1. Somewhat of a flying visit this time since I had No. 2 son in tow. He believes that a strange force of attraction operates in Poundland and when one stops too long to peruse the items on display then the other Poundland shoppers will naturally gravitate towards one and attach themselves to your person (the image of Raquel Welch being attacked by white corpuscles in Fantastic Voyage springs to mind). Whether the end result of this is that you become overwhelmed by the others and merely suffocate, or are subsumed into their collective being, I do not know since we always take the safe option and run round the shop. At first I took this as a generational thing and paid it no heed, but on reflection I think there may be some logical basis to his perception of Poundland physics. I have noticed on my own leisurely trips round Poundland that when I stop in the DVD or toy sections, it will not be long until others appear shuffling behind me. And, for that matter, I have been guilty of the same offence, if some other shopper is already ensconced I will hover nearby until he or she (or sometimes it) is finished. I have always put this down to the popularity of those particular sections, they are, after all, the most interesting to me, so why not to others? However, I now have a theory that there are unseen forces at work akin to gravity. Because of the nature of Poundland and the search for surprises and unusual bargains, it is understandable that when one spots someone staring intently at some particular item in the shop that this would alert the attention of other shoppers, exciting, if you will, some atavistic urge within the collective unconscious and thus drawing them to the point of interest and engendering the crowd effect which is so distressing to No. 2 son.
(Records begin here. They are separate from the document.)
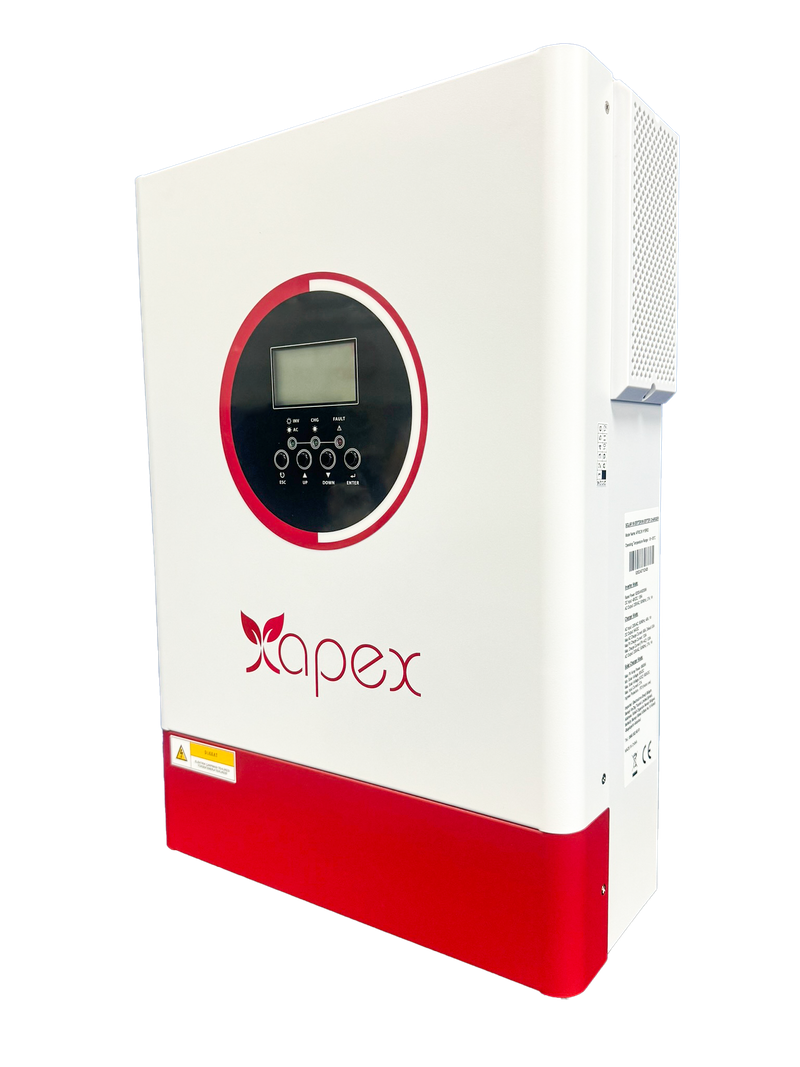 APEX 5500KW ECO SERİES MPPT'Lİ TAM SİNÜS AKILLI İNVERTER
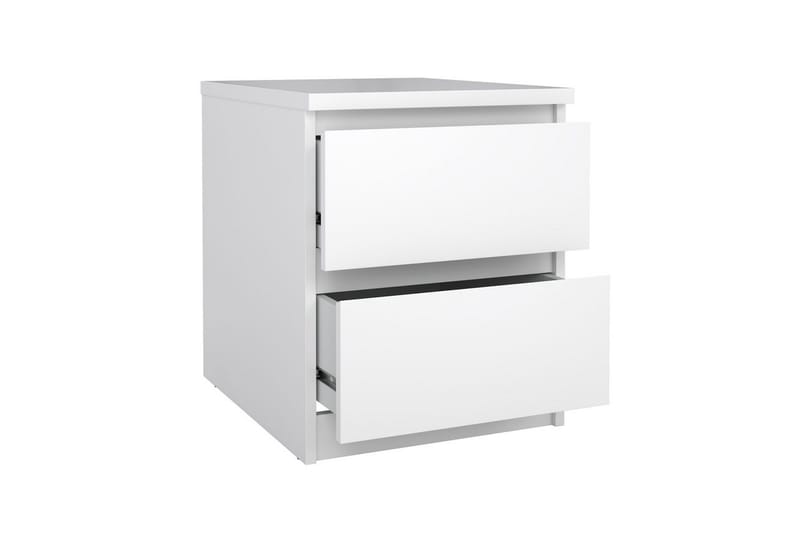 Salomns Sängbord 40,4 cm - Vit - Möbler - Bord & matgrupper - Avlastningsbord - Sängbord & nattduksbord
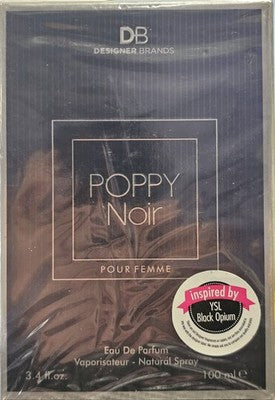 Designer Brands Fragrance Poppy Noir For Women Eau de Parfum 100ml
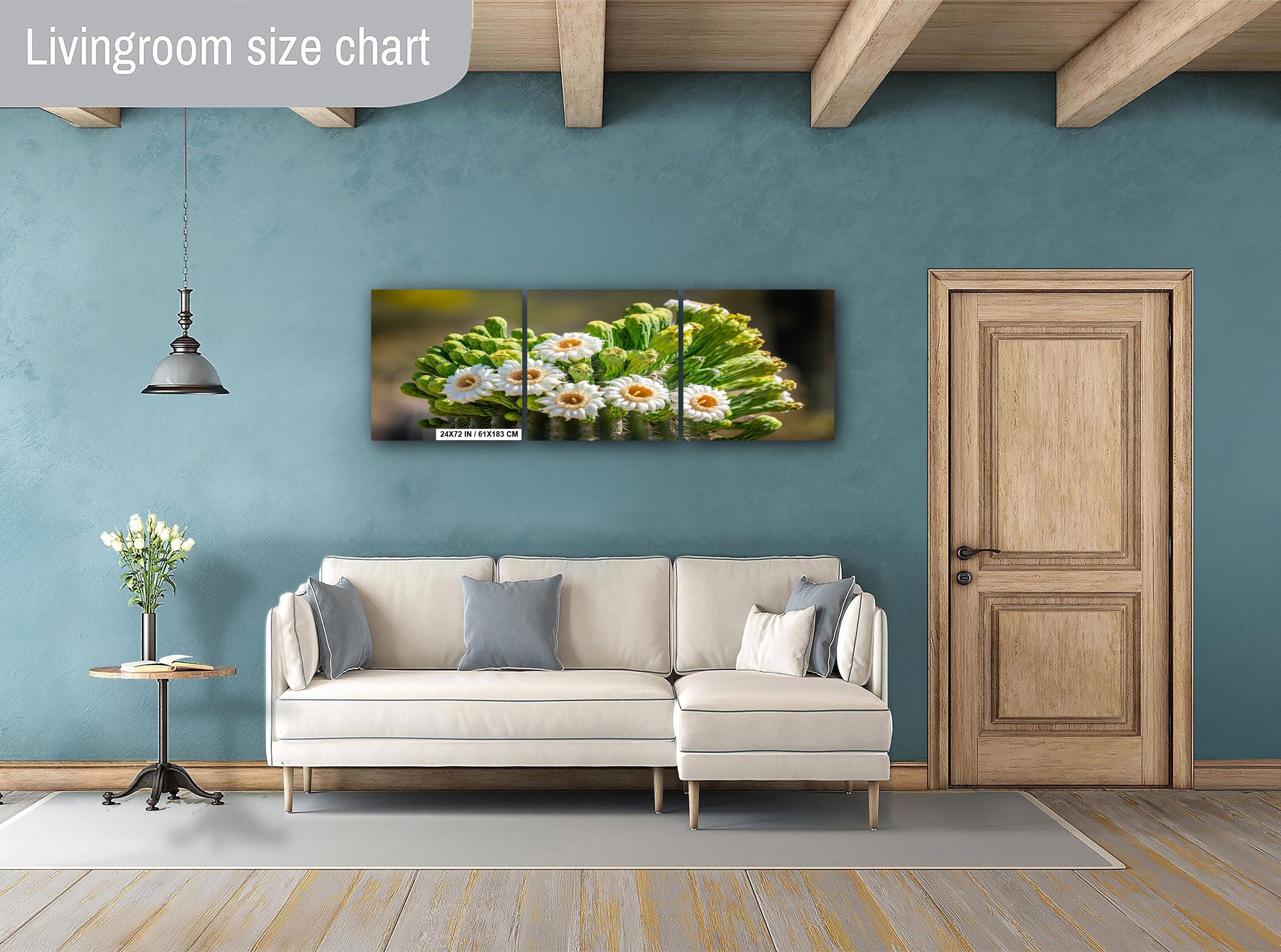 Arizona Saguaro Cactus Flower: Sonoran Desert Nature Photography Wall Art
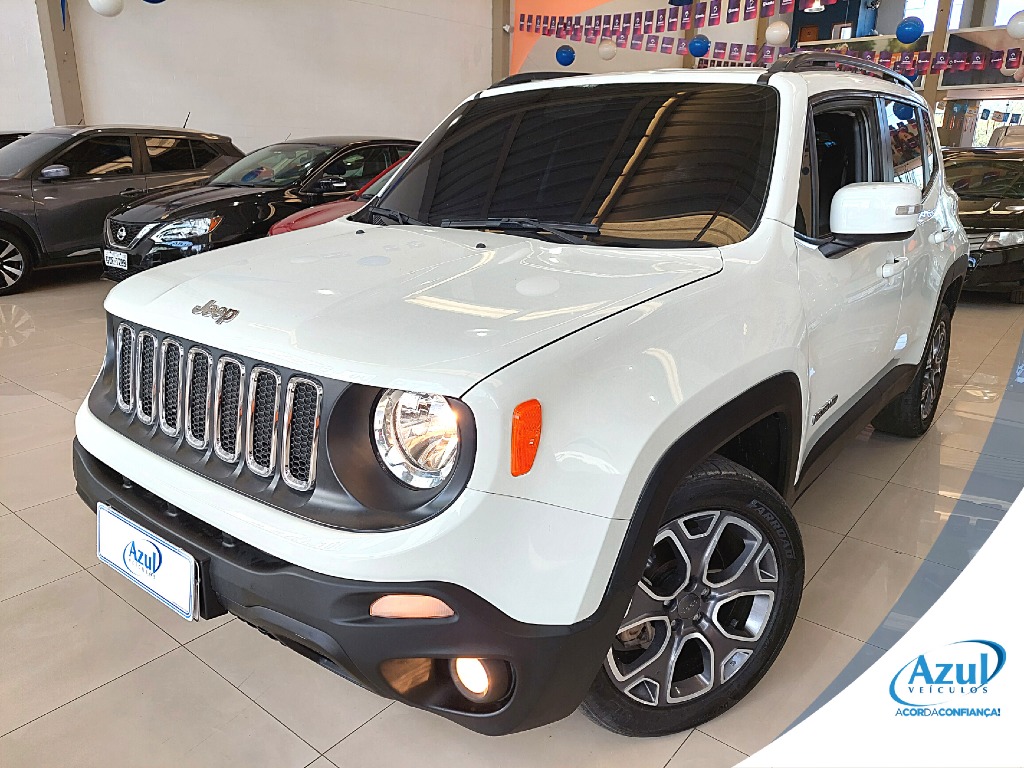 Seminovos certificados JEEP RENEGADE 2.0 16V TURBO DIESEL LONGITUDE 4P 4X4 AUTOMATICO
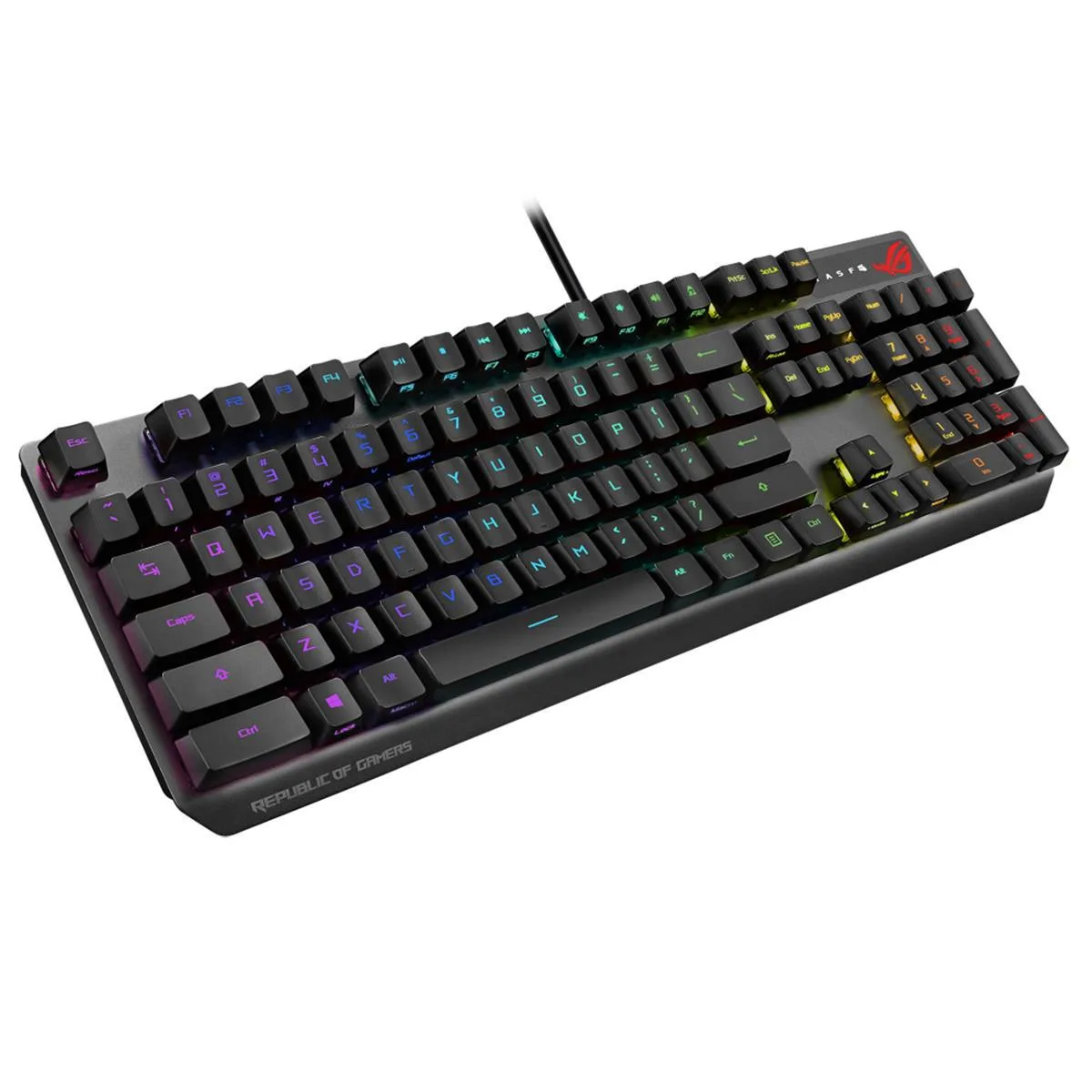 ASUS ASUS 90MP0242-BKUA00 ROG Strix Scope RX gaming keyboard — product photo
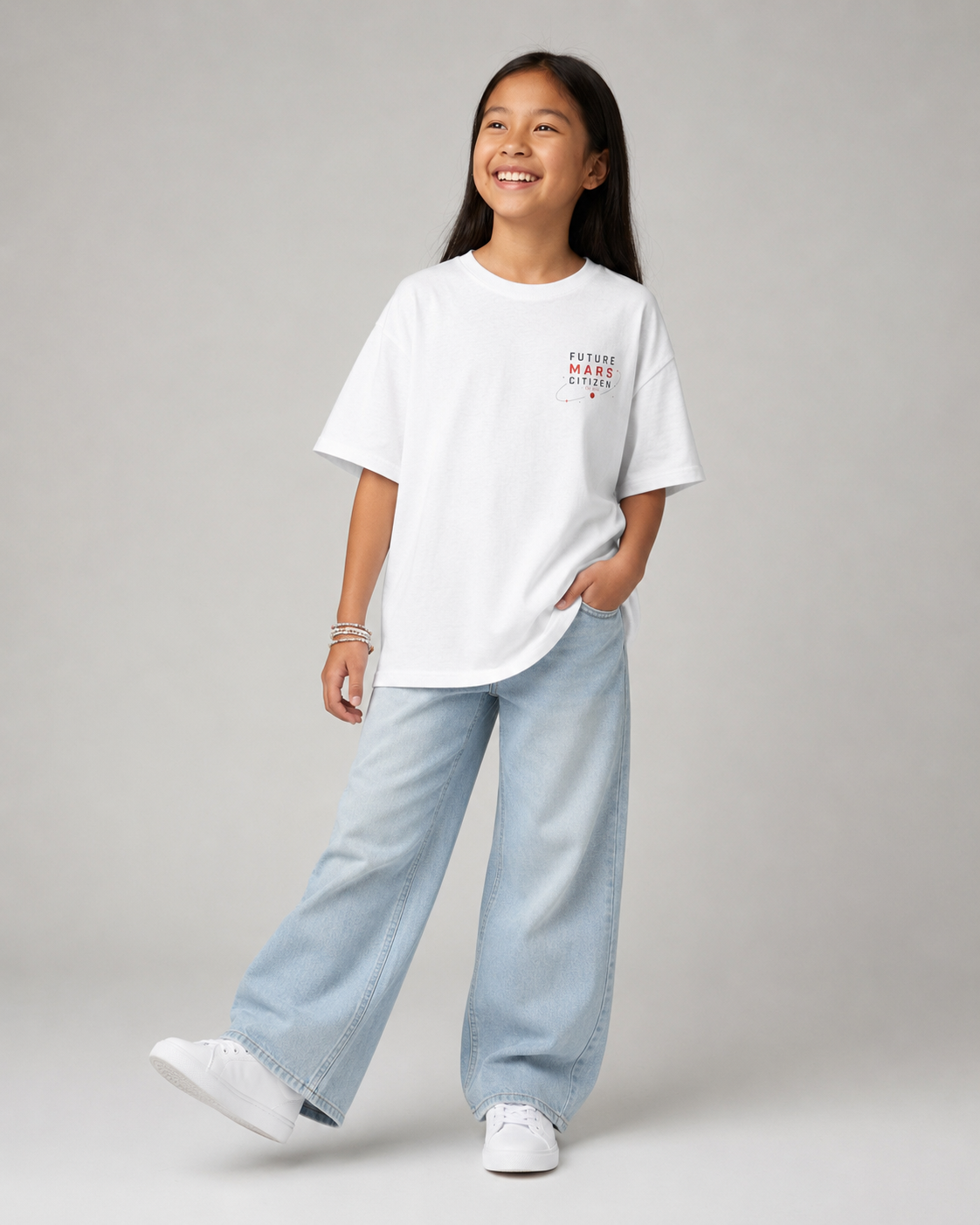 FUTURE MARS CITIZEN Youth T-Shirt Printify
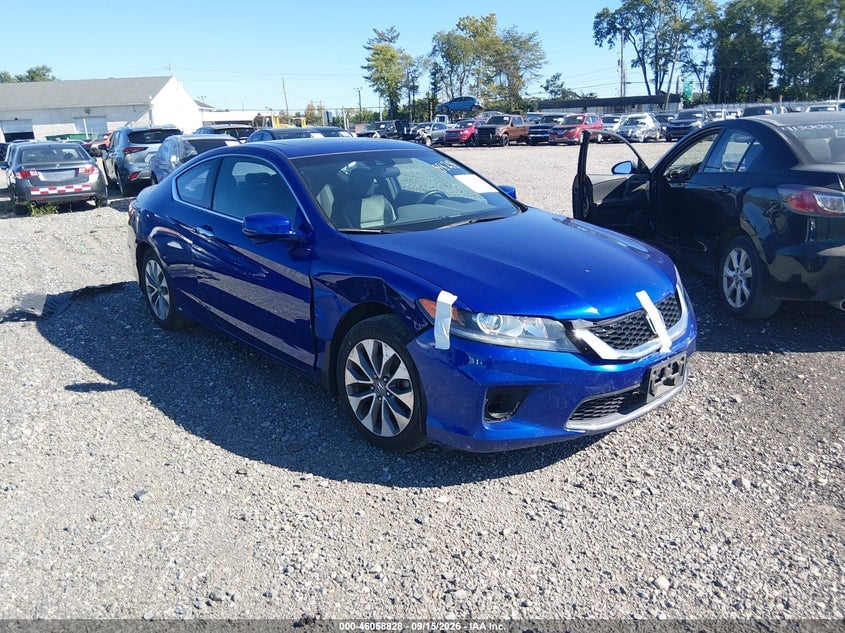 2013 HONDA ACCORD EX-L | 1HGCT1B8XDA010341 | UPCARS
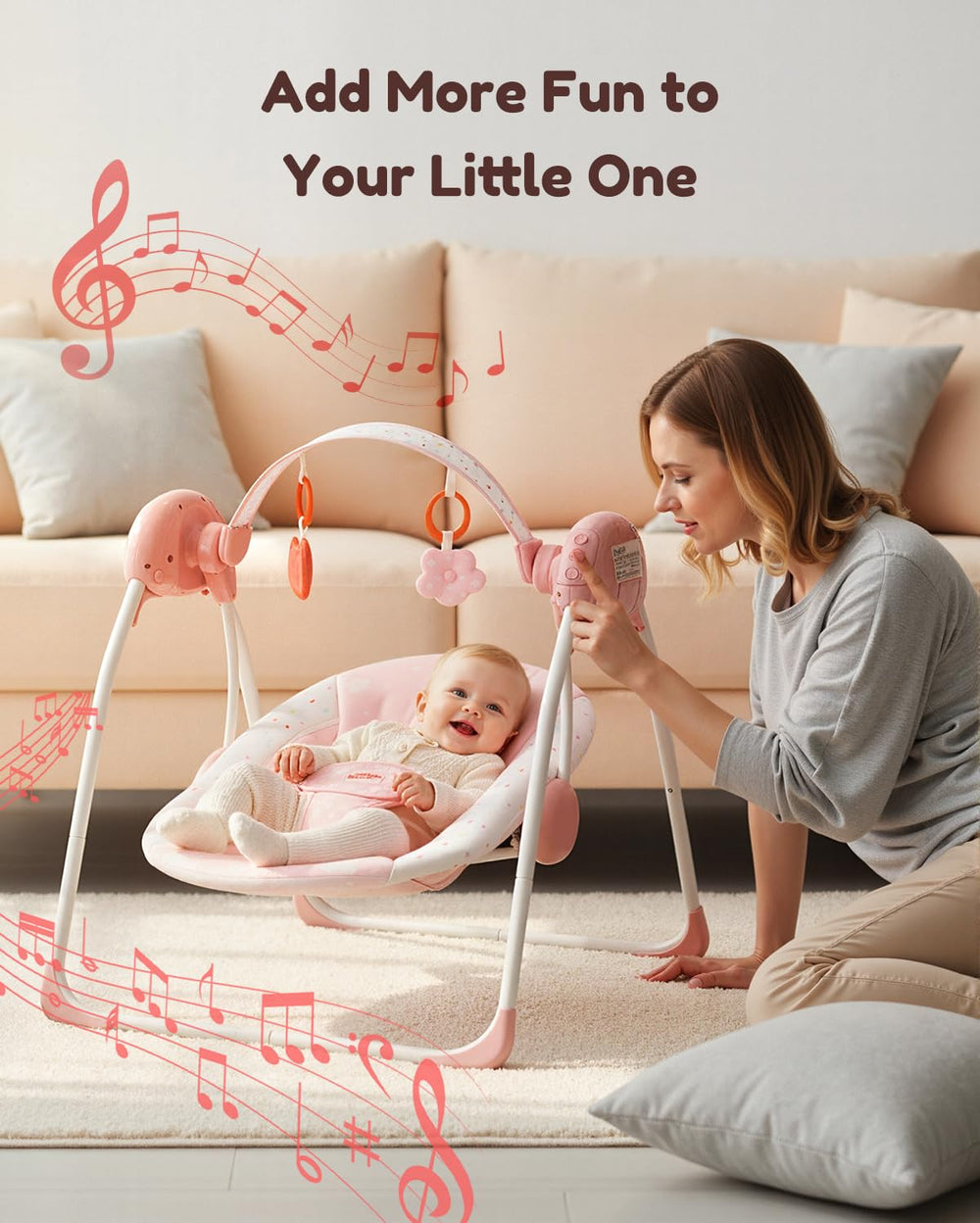 Tiny Marvels whisper-quiet operation keeps rooms peaceful.
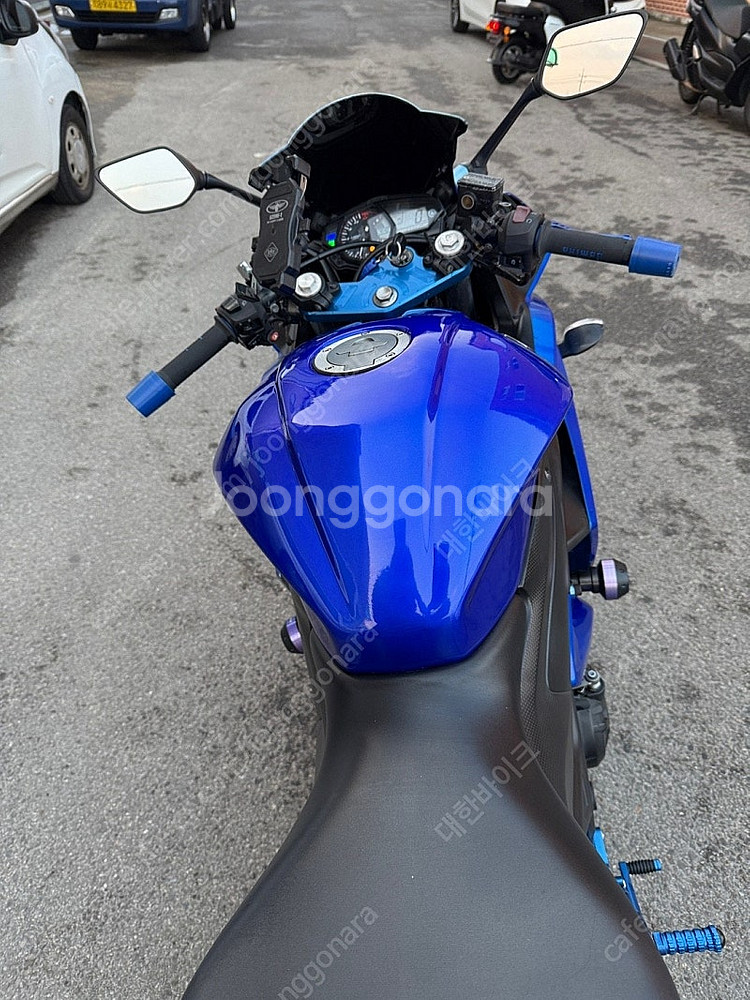 [점검완료]야마하 YZF-R3 16년식 3만KM 블루 ...--8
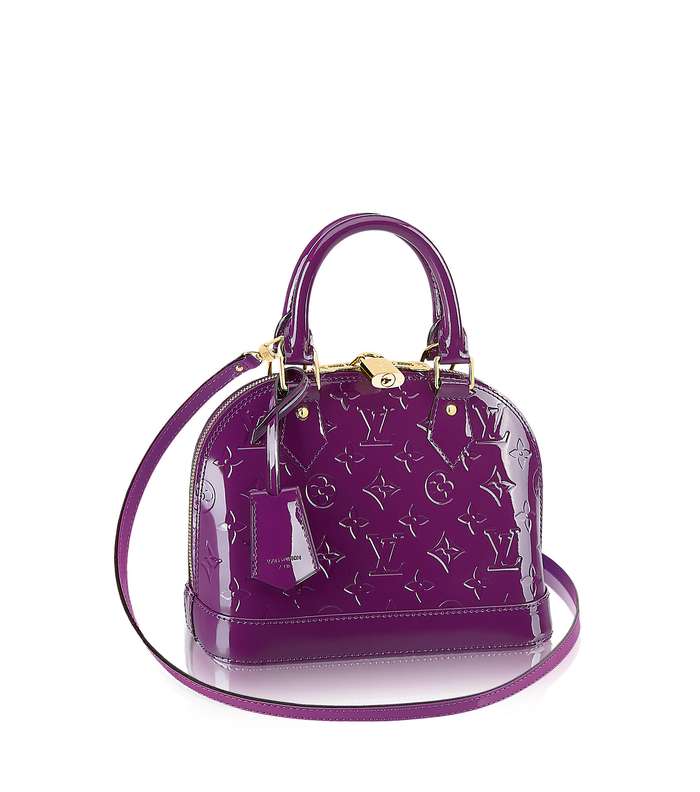 تألقي بحقيبة Louis Vuitton Alma BB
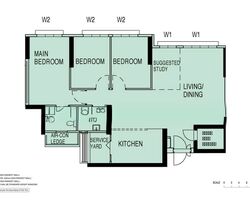 Blk 126A Eastdelta @ Canberra (Sembawang), HDB 5 Rooms #556094021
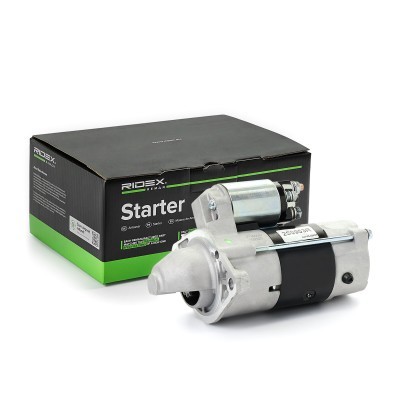 Anlasser RIDEX 2S0953R 2S0953R - foto 2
Whether this law of Poundland can be rendered in mathematical form and be submitted to the Royal Society for their approval, I do not know - I feel more work needs to be done in this area.

2. Although I am adept at physics having got my O level (at the second attempt), I can claim no such qualification in chemistry and I think that was the reason I got suckered into buying a volcano in a box. All I know of alchemy is that it involves chemicals, bunsen burners and magic, therefore when I saw the volcano and noted the warning that it contained “chemicals that may be harmful if misused” I thought it might be an exciting thing to “explore the erupting properties of volcanoes”. I was also taken with the picture on the cover which indicated that fire would be involved (a primary element I would have thought in the erupting properties) particularly since it was made in China where it was invented. So you get a sturdy plastic box which contains: a plastic
volcano, a syringe, a small beaker, two pieces of plastic tubing (not sure what the other piece is for), two sachets of Ein-O Lava Powder, a magnifying glass, a piece of
pumice, a map of the world showing where the volcanoes are (of use if you are a travelling man), and Ein-O’s I Know Guide. The guide starts well with much talk of chemicals and keeping them out of reach of children and adult supervision being required. However on page 4 there is a list of requirements for the “Volcano Rumble Kit”, the last of which is vinegar. At which point it dawns that this is the old vinegar and baking soda trick and no fire will be required. Bugger. The disappointment is compounded by a little stuck-in bit of paper which declares: “note: you need to get your own vinegar to perform the experiment.”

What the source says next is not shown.